Her schedule is a reflection of the variety of areas she oversees: the Office of the Dean of Undergraduate Students; the Department of Athletics; Health Services; the Office of the Dean of Religious Life and the Chapel; and the Frist Campus Center. In addition, she is charged with working with the Graduate School on graduate student life issues.

Bringing the staffs from these diverse units together is a major challenge, Dickerson says.

"We've been working on a strategic planning initiative," she says. "We had a committee in the fall draft a working mission statement. We are slowly but surely finding ways to articulate what it is we want to do as a team of people and what it means to be thinking about students' health and safety holistically, so it's not just the responsibility and duty of the Office of the Undergraduate Dean to talk about alcoholism or of the health center to deal with mental health issues. These are issues we're all embracing."

Talking to students

Part of that process is getting a better handle on today's students. In addition to the forays in the patrol car and on the team bus, Dickerson has been attending musical and theatrical performances, going to meetings in the residential colleges, touring The Daily Princetonian offices and just generally talking to students.

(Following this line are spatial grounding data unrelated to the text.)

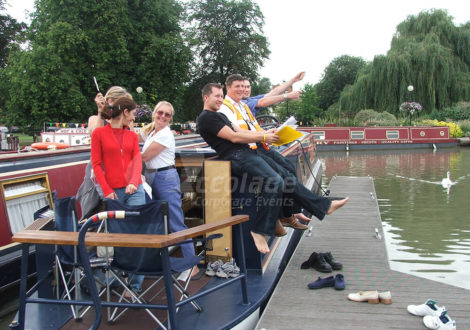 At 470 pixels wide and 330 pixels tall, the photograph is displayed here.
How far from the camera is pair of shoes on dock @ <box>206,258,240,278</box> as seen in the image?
3.86 meters

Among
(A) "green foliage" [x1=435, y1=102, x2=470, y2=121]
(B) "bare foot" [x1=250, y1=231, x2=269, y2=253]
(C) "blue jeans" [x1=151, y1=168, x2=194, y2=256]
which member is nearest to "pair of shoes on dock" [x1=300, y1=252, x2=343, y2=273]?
(B) "bare foot" [x1=250, y1=231, x2=269, y2=253]

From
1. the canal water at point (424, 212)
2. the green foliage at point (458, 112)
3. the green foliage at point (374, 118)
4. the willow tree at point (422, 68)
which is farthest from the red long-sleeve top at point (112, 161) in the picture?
the green foliage at point (458, 112)

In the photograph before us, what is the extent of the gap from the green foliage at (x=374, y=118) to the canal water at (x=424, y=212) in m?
8.15

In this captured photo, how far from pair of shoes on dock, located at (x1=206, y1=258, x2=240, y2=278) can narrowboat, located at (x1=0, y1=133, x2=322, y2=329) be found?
0.06 metres

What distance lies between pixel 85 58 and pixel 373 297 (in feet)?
69.7

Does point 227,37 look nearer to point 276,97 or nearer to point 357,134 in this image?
point 357,134

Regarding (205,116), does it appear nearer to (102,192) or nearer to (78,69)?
(102,192)

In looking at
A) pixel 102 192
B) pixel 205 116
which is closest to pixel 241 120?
pixel 205 116

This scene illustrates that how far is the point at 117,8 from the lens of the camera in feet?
71.3

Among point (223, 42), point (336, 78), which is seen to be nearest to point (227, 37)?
point (223, 42)

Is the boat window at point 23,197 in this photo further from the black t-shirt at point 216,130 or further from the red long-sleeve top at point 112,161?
the black t-shirt at point 216,130

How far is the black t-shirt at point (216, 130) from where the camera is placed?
12.6 ft

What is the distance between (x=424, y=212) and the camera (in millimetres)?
9297

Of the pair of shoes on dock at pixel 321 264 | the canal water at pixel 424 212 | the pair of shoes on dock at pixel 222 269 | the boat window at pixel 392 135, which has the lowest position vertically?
the canal water at pixel 424 212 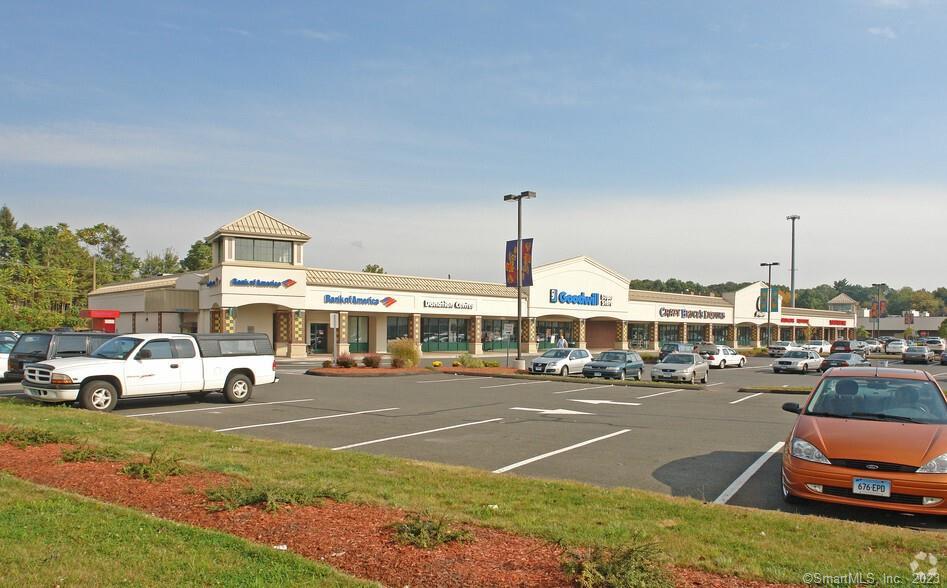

"I've been trying to get a good sense of what the students do with their time what their lives are like when they're not in the classroom," she says. "I've had such wonderful mentors. People have shown me the way and tried to clarify for me how things are organized around here. It's not a transparent place."

When describing today's students, Dickerson brings up influences such as the Internet, international travel and increasing pressures to achieve.

"The students who are first-year students now were born around 1982," she explains. "Their experience of the world is pretty different from those even born in the '70s. They're used to Internet access 24 hours a day with instant responses to just about anything you can think of from anybody and everybody.

"The students who get to places like Princeton or Duke are often pressured not only by their own desires to achieve but by parental and community expectations that they're pretty perfect," she continues. "And, you know, they're not so perfect."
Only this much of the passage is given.